Ad esasperare questa morbosa attenzione dei nostri intellettuali verso il macabro americano concorre persino il proibizionismo, considerato spesso alla stregua di una crociata inutile e destinata al fallimento. Secondo Borgese, che visse le ultime fasi del fenomeno,
è discorso comune che il proibizionismo è pure una specie di guerra civile: non dichiarata, non guerreggiata, - torpida, occulta – ma quasi ugualmente devastatrice.
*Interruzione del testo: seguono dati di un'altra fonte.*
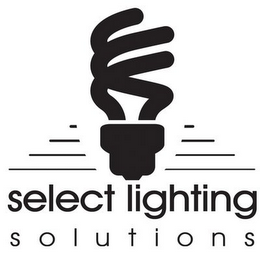 SELECT LIGHTING SOLUTIONS logo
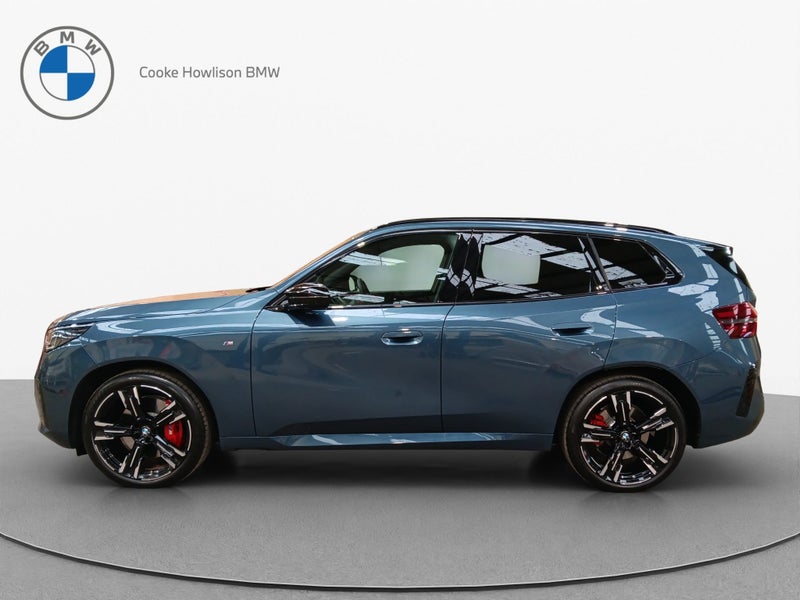 2025 BMW X3 M50 xDrive image 2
Quasi peggio, dicono i più corrivi agli estremi, perché non se ne vede la fine.62
Il proibizionismo, dunque, come «guerra civile», come battaglia morale senza eguali nella storia dell’Occidente moderno, che si risolse in un fallimento completo: i traffici illegali fiorirono in ogni dove e le organizzazioni criminali divennero più potenti che mai, ora che disponevano di denari, coperture politiche e arsenali bellici di prim’ordine.
La violenza, dunque, viene percepita come leitmotiv della cultura americana. I nostri intellettuali si sentono attratti da questa ossessiva tendenza alla brutalità e dal rapporto complicato con la morte; proprio per questo, tutti dedicano un numero considerevole di pagine al richiamo di episodi crudi, dai linciaggi alla cronaca nera; tutti elementi considerati «caratteristici» dell’America.